*** Block opens ***

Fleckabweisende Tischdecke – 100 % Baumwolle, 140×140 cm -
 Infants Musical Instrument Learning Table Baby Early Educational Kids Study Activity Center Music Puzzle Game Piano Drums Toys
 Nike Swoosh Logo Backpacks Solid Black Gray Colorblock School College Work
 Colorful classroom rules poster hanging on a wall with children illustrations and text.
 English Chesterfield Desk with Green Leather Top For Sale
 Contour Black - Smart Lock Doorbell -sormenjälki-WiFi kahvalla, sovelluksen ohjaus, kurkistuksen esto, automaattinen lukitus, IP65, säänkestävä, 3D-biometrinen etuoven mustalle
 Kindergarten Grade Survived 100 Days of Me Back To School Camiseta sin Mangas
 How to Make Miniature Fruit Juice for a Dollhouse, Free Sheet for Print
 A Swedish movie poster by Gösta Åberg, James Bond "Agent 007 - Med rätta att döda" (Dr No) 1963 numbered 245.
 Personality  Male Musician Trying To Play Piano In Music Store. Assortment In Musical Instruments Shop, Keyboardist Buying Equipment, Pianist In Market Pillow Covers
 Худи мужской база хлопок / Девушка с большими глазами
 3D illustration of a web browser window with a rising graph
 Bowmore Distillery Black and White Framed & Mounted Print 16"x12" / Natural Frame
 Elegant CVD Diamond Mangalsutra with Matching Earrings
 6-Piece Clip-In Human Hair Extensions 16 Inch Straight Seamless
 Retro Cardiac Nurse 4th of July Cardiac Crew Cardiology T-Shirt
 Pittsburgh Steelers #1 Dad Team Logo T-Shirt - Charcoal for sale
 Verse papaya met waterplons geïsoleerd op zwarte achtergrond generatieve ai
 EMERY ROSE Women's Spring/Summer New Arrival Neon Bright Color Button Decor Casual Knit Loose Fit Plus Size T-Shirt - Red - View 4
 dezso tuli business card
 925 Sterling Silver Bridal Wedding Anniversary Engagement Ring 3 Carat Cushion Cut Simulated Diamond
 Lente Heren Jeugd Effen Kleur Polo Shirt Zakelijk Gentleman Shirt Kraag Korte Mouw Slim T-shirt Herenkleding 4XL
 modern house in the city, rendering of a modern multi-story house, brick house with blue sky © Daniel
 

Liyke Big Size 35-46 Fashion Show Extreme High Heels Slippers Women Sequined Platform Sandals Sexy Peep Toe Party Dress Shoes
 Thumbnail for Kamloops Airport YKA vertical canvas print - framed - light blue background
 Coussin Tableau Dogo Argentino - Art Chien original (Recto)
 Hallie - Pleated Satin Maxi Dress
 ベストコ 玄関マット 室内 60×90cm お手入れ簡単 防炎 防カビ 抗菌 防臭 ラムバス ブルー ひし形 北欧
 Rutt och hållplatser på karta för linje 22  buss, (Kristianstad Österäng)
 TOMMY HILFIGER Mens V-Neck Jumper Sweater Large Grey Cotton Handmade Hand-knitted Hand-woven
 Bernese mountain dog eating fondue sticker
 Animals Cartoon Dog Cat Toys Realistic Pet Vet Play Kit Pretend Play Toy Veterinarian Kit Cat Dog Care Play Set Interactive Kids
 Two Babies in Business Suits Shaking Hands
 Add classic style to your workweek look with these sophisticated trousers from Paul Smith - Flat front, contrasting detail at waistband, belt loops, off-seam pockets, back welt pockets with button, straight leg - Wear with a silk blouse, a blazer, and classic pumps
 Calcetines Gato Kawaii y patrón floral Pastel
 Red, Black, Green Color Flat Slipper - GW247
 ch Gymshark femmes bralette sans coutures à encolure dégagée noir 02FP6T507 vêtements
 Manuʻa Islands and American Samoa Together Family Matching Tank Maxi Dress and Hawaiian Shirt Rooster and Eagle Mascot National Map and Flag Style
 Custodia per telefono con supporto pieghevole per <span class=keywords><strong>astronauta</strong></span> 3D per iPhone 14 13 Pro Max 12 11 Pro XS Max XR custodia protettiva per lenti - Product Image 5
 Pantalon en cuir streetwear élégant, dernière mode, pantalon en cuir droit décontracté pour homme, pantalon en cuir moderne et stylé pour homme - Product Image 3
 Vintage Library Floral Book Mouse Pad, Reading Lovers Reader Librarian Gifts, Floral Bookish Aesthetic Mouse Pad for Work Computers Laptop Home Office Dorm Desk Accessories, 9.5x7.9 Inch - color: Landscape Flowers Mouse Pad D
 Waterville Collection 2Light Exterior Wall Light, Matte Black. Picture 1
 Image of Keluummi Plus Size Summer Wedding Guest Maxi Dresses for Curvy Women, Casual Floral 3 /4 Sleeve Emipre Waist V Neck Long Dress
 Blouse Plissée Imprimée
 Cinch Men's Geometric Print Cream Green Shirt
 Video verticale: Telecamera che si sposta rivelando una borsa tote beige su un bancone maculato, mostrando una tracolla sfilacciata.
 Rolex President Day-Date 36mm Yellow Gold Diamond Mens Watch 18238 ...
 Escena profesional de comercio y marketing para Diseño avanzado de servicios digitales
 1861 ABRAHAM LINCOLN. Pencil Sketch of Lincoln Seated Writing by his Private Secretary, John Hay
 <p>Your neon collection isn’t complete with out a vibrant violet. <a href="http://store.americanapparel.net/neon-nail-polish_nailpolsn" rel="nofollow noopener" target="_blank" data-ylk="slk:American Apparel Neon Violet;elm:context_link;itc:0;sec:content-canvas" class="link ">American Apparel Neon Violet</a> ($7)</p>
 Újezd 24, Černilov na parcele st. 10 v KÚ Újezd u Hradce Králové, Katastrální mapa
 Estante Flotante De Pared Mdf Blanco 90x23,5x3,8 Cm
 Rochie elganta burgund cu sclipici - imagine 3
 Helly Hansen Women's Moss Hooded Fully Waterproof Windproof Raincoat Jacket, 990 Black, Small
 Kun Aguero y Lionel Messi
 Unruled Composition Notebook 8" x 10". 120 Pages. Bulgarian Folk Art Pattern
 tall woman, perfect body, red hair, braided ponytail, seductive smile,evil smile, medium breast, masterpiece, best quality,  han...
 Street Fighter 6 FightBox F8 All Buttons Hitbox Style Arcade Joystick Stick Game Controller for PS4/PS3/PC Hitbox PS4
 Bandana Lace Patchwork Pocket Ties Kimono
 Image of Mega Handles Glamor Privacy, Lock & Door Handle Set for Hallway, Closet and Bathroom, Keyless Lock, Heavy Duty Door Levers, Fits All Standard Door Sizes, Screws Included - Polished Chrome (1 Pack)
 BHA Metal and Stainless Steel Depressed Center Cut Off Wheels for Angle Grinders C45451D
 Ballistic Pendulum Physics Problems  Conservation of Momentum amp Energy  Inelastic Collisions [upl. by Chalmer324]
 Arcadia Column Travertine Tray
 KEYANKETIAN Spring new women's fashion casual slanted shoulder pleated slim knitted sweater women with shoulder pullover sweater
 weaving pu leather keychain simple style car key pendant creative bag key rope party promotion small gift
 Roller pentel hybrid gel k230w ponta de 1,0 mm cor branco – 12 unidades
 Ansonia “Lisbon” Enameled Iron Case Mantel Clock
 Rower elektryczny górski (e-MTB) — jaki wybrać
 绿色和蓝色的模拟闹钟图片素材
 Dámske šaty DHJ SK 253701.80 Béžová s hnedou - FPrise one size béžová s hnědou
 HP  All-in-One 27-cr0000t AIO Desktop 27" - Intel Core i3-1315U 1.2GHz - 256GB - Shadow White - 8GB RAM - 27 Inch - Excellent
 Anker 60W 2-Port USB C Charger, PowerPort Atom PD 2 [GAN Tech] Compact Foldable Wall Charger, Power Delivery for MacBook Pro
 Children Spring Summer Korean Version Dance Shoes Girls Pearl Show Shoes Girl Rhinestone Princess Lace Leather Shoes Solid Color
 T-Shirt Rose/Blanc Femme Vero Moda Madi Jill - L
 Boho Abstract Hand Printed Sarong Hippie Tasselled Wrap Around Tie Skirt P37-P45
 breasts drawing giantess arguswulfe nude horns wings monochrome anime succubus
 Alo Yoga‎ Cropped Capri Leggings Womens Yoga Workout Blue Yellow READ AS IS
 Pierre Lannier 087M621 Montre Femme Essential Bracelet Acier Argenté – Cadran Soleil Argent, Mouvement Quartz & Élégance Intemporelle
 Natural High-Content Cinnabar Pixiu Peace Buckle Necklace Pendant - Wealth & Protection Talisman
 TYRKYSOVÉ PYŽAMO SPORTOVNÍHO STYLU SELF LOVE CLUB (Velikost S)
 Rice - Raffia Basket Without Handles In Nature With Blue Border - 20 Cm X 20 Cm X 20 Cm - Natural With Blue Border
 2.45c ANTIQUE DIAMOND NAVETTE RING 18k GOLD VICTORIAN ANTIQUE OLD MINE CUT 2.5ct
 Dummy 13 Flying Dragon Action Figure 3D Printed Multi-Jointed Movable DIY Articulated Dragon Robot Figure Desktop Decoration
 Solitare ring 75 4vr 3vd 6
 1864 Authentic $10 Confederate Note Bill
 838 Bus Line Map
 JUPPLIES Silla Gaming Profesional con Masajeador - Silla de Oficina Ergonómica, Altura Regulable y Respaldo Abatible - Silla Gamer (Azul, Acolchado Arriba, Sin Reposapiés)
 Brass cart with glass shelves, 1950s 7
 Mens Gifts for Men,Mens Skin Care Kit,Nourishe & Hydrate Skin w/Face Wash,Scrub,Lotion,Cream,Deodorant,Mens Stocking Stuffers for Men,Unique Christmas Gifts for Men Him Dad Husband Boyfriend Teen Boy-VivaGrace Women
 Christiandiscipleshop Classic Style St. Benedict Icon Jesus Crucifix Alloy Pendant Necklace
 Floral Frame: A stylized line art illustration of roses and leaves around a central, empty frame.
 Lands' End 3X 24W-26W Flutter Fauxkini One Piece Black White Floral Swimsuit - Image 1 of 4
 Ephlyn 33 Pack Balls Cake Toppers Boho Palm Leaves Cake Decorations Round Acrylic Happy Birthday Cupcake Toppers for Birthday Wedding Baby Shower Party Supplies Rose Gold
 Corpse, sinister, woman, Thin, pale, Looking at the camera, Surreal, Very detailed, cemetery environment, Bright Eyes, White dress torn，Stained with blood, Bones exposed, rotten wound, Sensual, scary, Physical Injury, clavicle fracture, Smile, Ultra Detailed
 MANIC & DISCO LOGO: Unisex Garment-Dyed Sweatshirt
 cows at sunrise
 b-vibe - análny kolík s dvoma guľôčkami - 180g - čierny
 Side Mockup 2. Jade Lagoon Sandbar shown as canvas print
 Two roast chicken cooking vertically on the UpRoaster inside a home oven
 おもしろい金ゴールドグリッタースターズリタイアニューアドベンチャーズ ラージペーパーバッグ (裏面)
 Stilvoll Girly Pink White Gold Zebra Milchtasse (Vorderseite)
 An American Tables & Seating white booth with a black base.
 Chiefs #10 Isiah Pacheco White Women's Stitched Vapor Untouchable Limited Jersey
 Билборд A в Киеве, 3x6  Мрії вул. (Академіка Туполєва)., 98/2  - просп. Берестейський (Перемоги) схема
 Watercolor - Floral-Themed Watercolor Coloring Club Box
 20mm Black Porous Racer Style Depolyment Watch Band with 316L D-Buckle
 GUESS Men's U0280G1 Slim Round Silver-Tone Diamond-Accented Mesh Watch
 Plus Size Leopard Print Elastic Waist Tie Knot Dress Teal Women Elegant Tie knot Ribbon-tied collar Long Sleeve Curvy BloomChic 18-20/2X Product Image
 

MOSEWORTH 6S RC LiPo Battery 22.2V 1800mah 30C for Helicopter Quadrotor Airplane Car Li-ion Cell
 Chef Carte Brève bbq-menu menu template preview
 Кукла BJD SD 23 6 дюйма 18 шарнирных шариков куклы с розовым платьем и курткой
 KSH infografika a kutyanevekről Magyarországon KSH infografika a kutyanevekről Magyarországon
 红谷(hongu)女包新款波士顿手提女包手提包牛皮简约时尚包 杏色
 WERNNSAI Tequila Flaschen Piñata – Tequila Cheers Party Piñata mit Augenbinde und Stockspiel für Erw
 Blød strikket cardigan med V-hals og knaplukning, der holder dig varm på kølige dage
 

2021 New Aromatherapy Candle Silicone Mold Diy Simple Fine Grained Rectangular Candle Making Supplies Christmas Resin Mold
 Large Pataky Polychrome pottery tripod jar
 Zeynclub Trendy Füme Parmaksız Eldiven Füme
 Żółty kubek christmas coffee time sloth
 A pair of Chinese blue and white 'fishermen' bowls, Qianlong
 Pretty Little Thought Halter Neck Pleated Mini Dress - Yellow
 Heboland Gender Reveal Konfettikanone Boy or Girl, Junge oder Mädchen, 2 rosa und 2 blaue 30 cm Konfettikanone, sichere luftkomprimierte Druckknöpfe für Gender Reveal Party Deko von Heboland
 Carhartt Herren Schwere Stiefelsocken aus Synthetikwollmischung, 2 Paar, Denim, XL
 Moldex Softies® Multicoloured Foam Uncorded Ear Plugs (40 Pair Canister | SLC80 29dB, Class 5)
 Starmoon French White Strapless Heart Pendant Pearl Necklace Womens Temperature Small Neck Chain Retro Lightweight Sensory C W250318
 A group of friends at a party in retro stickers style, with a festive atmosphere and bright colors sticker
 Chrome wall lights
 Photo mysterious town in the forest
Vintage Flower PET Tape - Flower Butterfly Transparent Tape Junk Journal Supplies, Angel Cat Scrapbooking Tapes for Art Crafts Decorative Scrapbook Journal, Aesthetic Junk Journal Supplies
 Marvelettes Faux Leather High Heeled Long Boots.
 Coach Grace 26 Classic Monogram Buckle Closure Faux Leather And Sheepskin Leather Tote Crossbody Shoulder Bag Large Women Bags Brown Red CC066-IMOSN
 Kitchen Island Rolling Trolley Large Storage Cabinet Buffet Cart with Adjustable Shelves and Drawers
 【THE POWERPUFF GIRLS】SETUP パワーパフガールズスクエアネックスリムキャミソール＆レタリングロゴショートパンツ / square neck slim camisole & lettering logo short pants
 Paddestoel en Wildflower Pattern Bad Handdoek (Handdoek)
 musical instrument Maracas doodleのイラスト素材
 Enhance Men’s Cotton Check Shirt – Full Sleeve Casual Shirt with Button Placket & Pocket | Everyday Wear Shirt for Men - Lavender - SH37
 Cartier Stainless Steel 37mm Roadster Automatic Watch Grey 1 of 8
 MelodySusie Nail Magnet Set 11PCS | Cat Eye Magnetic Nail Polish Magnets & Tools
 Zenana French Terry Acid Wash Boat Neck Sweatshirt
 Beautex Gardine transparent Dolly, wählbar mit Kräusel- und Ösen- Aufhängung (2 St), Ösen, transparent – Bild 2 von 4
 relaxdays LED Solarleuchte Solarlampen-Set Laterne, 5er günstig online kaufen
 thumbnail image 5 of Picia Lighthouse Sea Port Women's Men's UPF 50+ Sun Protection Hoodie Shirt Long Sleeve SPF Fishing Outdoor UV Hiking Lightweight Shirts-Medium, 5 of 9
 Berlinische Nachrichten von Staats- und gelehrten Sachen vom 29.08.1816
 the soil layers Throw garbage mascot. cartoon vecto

*** Block closes ***

Task brief
Among the lines above, repeat exactly those from the line with "Watercolor - Floral-Themed" to the line with "Żółty kubek christmas coffee time sloth", counting both ends.

Written answer
 Watercolor - Floral-Themed Watercolor Coloring Club Box
 20mm Black Porous Racer Style Depolyment Watch Band with 316L D-Buckle
 GUESS Men's U0280G1 Slim Round Silver-Tone Diamond-Accented Mesh Watch
 Plus Size Leopard Print Elastic Waist Tie Knot Dress Teal Women Elegant Tie knot Ribbon-tied collar Long Sleeve Curvy BloomChic 18-20/2X Product Image
 

MOSEWORTH 6S RC LiPo Battery 22.2V 1800mah 30C for Helicopter Quadrotor Airplane Car Li-ion Cell
 Chef Carte Brève bbq-menu menu template preview
 Кукла BJD SD 23 6 дюйма 18 шарнирных шариков куклы с розовым платьем и курткой
 KSH infografika a kutyanevekről Magyarországon KSH infografika a kutyanevekről Magyarországon
 红谷(hongu)女包新款波士顿手提女包手提包牛皮简约时尚包 杏色
 WERNNSAI Tequila Flaschen Piñata – Tequila Cheers Party Piñata mit Augenbinde und Stockspiel für Erw
 Blød strikket cardigan med V-hals og knaplukning, der holder dig varm på kølige dage
 

2021 New Aromatherapy Candle Silicone Mold Diy Simple Fine Grained Rectangular Candle Making Supplies Christmas Resin Mold
 Large Pataky Polychrome pottery tripod jar
 Zeynclub Trendy Füme Parmaksız Eldiven Füme
 Żółty kubek christmas coffee time sloth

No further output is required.